* [Entries supplied]
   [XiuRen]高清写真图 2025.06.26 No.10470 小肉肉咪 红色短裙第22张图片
---
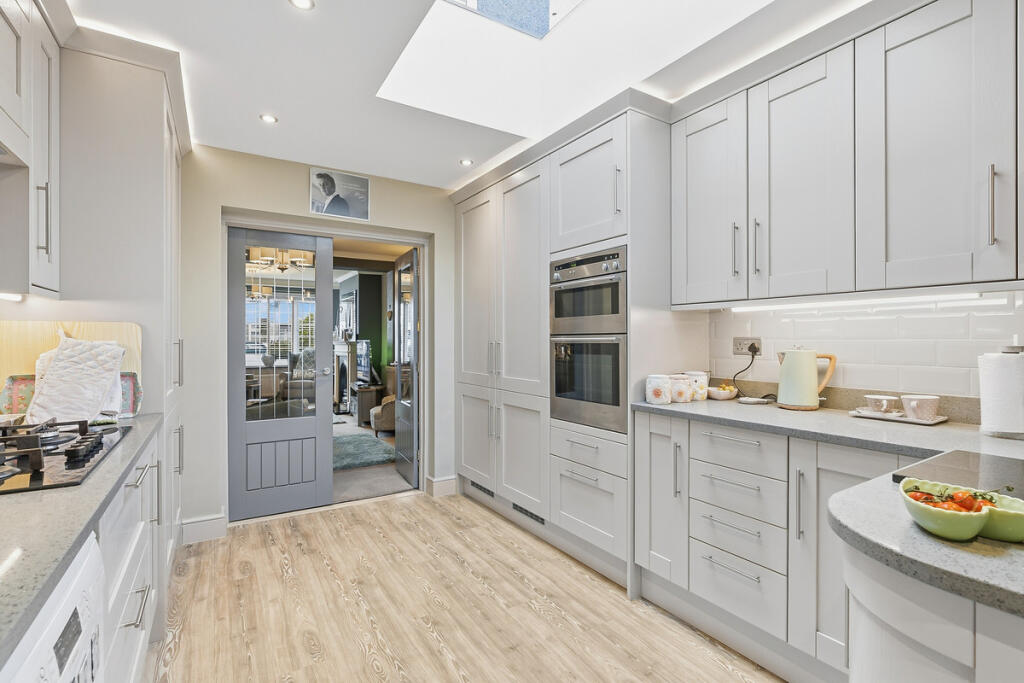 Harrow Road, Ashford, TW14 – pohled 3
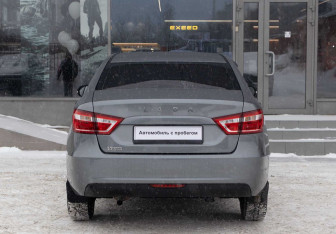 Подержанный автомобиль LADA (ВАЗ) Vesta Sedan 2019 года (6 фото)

* [Task requirements] What is wanted is an exact copy of the lines above from the one containing "Harrow Road, Ashford, TW14 – pohled 3" through the one containing "Подержанный автомобиль LADA", with no pictures in it.

* [Answer area]
 Harrow Road, Ashford, TW14 – pohled 3
 Подержанный автомобиль LADA (ВАЗ) Vesta Sedan 2019 года (6 фото)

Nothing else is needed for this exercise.